A clarification: I'm _not_ saying we should do something
illegal simply because we can. I _am_ saying that using
someone else's trademark as a noun is _not_ illegal unless
we're trying to steal the name or dilute the trademark.
<<If we, as writers, do not protect the integrity of brand
names, who will?>>
While I agree with the sentiment, it's annoying to me, as a
reader, to encounter "Velcro-brand fastener" when I've
never heard this phrase in daily speech; everyone I know
simply says "Velcro". It's also unrealistic to use brand
names solely as adjectives, since we're supposed to use
language that's familiar to our readers.

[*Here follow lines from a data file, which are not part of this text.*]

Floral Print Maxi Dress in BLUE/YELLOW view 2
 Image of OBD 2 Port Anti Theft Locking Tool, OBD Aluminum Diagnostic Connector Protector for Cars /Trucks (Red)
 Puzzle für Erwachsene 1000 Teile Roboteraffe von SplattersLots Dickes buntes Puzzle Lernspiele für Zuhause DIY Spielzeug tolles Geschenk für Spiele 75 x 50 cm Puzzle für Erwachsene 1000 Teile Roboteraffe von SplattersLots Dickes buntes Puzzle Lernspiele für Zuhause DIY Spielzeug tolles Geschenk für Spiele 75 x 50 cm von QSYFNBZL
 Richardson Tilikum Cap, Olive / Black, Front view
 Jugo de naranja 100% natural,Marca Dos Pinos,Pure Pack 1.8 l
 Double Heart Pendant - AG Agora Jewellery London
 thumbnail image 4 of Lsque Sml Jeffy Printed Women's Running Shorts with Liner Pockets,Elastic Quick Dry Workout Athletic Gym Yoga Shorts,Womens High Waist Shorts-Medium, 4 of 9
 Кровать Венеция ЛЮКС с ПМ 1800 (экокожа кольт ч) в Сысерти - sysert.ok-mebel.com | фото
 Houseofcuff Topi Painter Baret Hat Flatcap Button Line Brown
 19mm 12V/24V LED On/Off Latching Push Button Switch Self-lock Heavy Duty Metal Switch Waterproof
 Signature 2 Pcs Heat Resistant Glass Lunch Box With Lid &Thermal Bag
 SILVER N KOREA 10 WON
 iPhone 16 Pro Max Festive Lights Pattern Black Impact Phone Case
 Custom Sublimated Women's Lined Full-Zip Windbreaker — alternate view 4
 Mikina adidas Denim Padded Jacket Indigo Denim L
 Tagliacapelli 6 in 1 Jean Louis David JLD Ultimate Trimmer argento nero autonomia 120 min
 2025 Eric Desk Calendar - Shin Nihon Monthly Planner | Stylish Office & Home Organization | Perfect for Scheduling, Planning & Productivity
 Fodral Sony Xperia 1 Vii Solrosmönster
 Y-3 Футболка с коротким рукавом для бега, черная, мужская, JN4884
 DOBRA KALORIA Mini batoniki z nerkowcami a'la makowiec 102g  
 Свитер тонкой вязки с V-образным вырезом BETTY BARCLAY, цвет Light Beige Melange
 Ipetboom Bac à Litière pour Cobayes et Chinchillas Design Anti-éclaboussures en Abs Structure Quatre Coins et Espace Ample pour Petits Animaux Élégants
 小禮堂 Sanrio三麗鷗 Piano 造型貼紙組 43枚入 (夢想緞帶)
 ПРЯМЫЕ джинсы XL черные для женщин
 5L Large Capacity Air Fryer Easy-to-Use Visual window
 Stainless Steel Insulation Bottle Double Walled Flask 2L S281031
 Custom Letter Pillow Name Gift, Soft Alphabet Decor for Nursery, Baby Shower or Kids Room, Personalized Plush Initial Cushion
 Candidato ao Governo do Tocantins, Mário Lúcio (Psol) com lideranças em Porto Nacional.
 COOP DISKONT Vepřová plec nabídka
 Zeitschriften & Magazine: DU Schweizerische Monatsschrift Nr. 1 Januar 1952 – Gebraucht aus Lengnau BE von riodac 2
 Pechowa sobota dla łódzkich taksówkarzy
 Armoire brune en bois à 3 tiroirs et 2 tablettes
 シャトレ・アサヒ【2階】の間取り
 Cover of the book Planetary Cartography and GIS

Jane used the
examples of Kleenex, Oreo, and Xerox, but nonetheless,
these are used incorrectly everywhere and everywhen.
Although each company no doubt would prefer it to be
otherwise, they've long since lost the battle to keep these
trademarks out of the public domain.
A second big clarification: There's a very big difference
between using the words generically and using the word in
the context of your own product. I could ask someone to
hand me a kleenex or produce my own brand of facial tissue,
but I couldn't call my brand "Kleenex tissue"; I can xerox
a few photocopies, but couldn't call my own brand of
photocopier a "xerox machine"; and I could make chocolatey
cookies with white goo in the middle, but couldn't call
them "oreos".
If I appear to be saying that it's OK to perpetuate a wrong
practice simply because everyone else does it, that's not
my point. We must certainly respect the legal niceties, but
also respect the fact that our readers aren't lawyers and
will refuse to read text written on behalf of lawyers.
That's the real issue here.
--Geoff Hart @8^{)} geoff-h -at- mtl -dot- feric -dot- ca
Disclaimer: Speaking for myself, not FERIC.